Question

5. The head football coach is concerned about high cholesterol level of the assistant coaches. In an
attempt to improve the situation a sample of seven coaches is selected to take part in a special program
in which each coach is given a special diet by the school trainer. After six months each coach’s
cholesterol level is checked again.
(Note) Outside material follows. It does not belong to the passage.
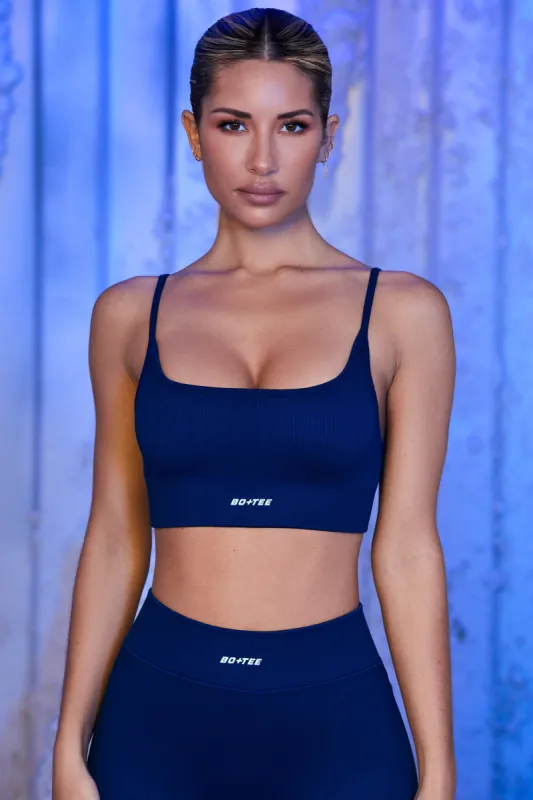 Strappy Sports Bra in Navy sold by Oh Polly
At the .01 level of significance, can we conclude that the program led
to a change in the cholesterol levels?
Coach Before After
1.            225.   210
2.            230.   225
3.            290.   215
4.             242. 215
5.             300. 240
6.             250. 235
7.            215.   190.                                              1. State the hypotheses:
2. Determine the critical values and diagram.
3. Identify the test statistic:
4. What is the decision rule?
5. Calculate the test statistic:
6. Conclusion and justification
Type of error:
7. p-value:

Answer 1

Solution:

Paired t-test

1. State the hypotheses:

Null hypothesis: H₀: The program doesn’t lead to a change in the cholesterol levels.

Alternative hypothesis: H_a: The program led to a change in the cholesterol levels.

H₀: µ_D = 0 versus H_a: µ_D ≠ 0

2. Determine the critical values and diagram.

We are given

n = 7

df = n – 1 = 6

α = 0.01

so, critical values = -3.7074 and 3.7074

(by using t-table or excel)

3. Identify the test statistic:

Test statistic = t = (Dbar - µ_D) / [S_D/sqrt(n)]

4. What is the decision rule?

Reject H₀ when test statistic |t|> 3.7074

5. Calculate the test statistic:

From given data, we have

Dbar = -31.7143

S_D = 25.8632

n = 7

Test statistic = t = (-31.7143 – 0)/[ 25.8632/sqrt(7)]

Test statistic = t = -3.2443

6. Conclusion and justification

|t| = 3.2443 < critical value = 3.7074

So, we do not reject the null hypothesis H₀

There is insufficient evidence to conclude that the program led to a change in the cholesterol levels.

Type of error: Type II error

7. p-value:

P-value = 0.0176

(By using t-table or excel)